=== Dataset excerpt ===
[Start of section]

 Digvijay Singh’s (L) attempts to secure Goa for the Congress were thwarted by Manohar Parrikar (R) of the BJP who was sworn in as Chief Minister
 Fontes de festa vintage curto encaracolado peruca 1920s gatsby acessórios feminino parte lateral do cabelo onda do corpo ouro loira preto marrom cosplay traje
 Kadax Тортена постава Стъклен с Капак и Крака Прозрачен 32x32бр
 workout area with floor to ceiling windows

[End of section]

=== Your assignment ===
Type the data again exactly. Leave nothing out.

=== Response to this task ===
 Digvijay Singh’s (L) attempts to secure Goa for the Congress were thwarted by Manohar Parrikar (R) of the BJP who was sworn in as Chief Minister
 Fontes de festa vintage curto encaracolado peruca 1920s gatsby acessórios feminino parte lateral do cabelo onda do corpo ouro loira preto marrom cosplay traje
 Kadax Тортена постава Стъклен с Капак и Крака Прозрачен 32x32бр
 workout area with floor to ceiling windows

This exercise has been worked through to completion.